Combination immunotherapy with Herceptin and the HER2 vaccine E75 in low and intermediate HER2- expressing breast cancer patients to prevent recurrence
You are being asked to take part in this study because you have been treated for node-positive (NP) or high-risk node-negative (NN) breast cancer, you are at risk for recurrence (your breast cancer coming back), and your tumor cells show a specific protein called HER2/neu on their cell surfaces. The goal of this clinical research study is to learn if the HER2/neu vaccine E75, when given in combination with GM-CSF and Herceptin (trastuzumab), may help prevent breast cancer from coming back. The safety of this drug combination will also be studied.
Disease Group: Breast
Treatment Agent: Herceptin,NeuVax
Treatment Location: Both at MDACC & and Other Sites
Sponsor: Cancer Insight, LLC,Galena Biopharma,Genentech, Inc.
PRIMARY OBJECTIVES The primary efficacy endpoint is to compare disease-free survival (DFS) at 24 months between treatment groups. The primary safety issue is to prove there is no additive cardiac toxicity with combination HER2-directed therapy. SECONDARY OBJECTIVES A secondary endpoint of the trial is to compare DFS at 36 months. Immunologic responses to the vaccine will also be documented and correlated to clinical benefit.
IRB Review and Approval Date: 09/11/2013
Recruitment Status: Open
Projected Accrual: 300
1) Women 18 years or older.
2) Node-positive breast cancer (American Joint Committee on Cancer [AJCC] N1, N2, or N3).

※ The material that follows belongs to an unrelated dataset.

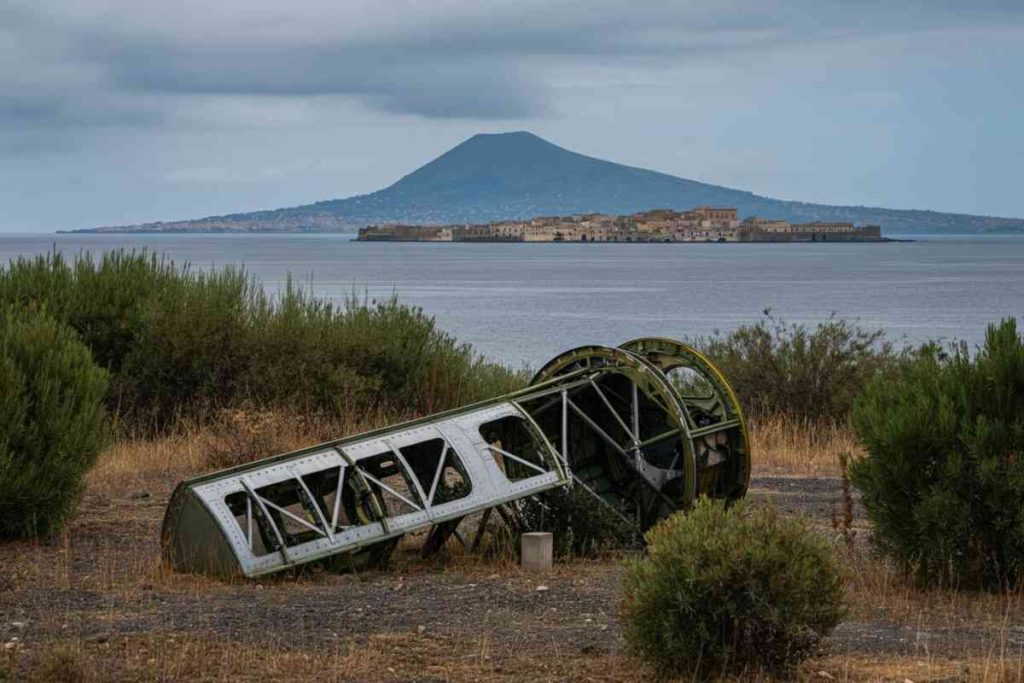Ritrovato su Ebay un pezzo della Freccia Tricolore scomparso dopo l'incidente a Pantelleria: chi lo vendeva?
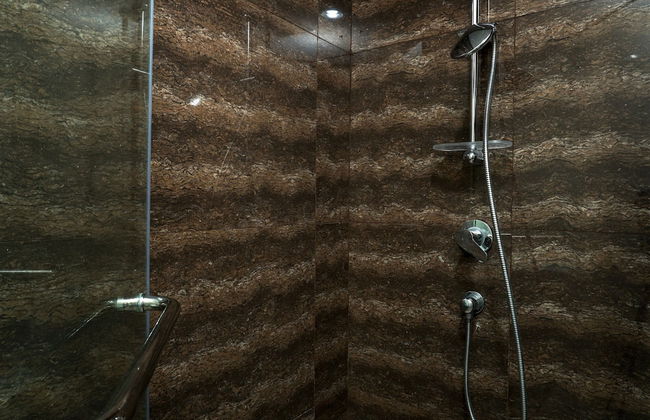 Fabulous 2BR Lucky Tower Apartment - Foto 13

3) Node-negative breast cancer if negative for both estrogen (ER) and progesterone (PR) receptors and have received chemotherapy as standard of care.
4) Clinically cancer-free (no evidence of disease) after standard of care therapy (surgery, chemotherapy, radiation therapy as directed by National Comprehensive Cancer Network (NCCN) guidelines). Hormonal therapy will continue per standard of care. Neoadjuvant chemotherapy is allowed.
5) Recovery from any toxicity(ies) associated with prior adjuvant therapy.
6) HER2 expression of 1+ or 2+ by immunohistochemistry (IHC). Fluorescence in situ hybridization (FISH) or Dual-ish testing must be performed on IHC 2+ tumors and shown to be non-amplified by FISH (</= 2.0) or by Dual-ish (</=2.0).
7) Human leukocyte antigen (HLA)-A2 and/or HLA-A3 and/or HLA-A24 and/or HLA-A26 positive.
8) Left ventricular ejection fraction (LVEF) >/= 50%, or an LVEF within the normal limits of the institution’s specific testing (MUGA or Echocardiogram) (ECHO).
9) Eastern Cooperative Oncology Group (ECOG) 0,1.
10) Signed informed consent.
11) Adequate birth control (abstinence, hysterectomy, bilateral oophorectomy, bilateral tubal ligation, oral contraception, IUD, or use of condoms or diaphragms).
12) Must start study treatment (receive first Herceptin infusion) between 3-12 weeks from completion of standard of care therapy.
1) Node-negative breast cancer (AJCC N0 or N0(i+)) unless negative for
both estrogen (ER) and progesterone (PR) receptors and has received
chemotherapy as standard of care.
2) Clinical or radiographic evidence of distant or residual breast cancer.
3) HER2 negative (IHC 0) or HER2 3+ or FISH/Dual-ish amplified (FISH >2.0; Dual-ish >2.0).
4) HLA-A2, A3, A24 and A26 negative.
5) History of prior Herceptin (trastuzumab) therapy.
6) NYHA stage 3 or 4 cardiac disease.
7) LVEF <50%, or less than the normal limits of the institution’s specific testing (MUGA or ECHO).
8) Immune deficiency disease or HIV, HBV, HCV.
9) Receiving immunosuppressive therapy including chemotherapy, chronic steroids, methotrexate, or other known immunosuppressive agents.
10) ECOG >/= 2.
11) Tbili >1.8, creatinine>2, hemoglobin<10, platelets<50,000, WBC<2,000.
12) Pregnancy (assessed by urine HCG).
13) Breast feeding.
14) Any active autoimmune disease, requiring treatment with the exception of vitiligo.
15) Active pulmonary disease requiring medication to include multiple inhalers.
16) Involved in other experimental protocols (except with permission of the other study PI).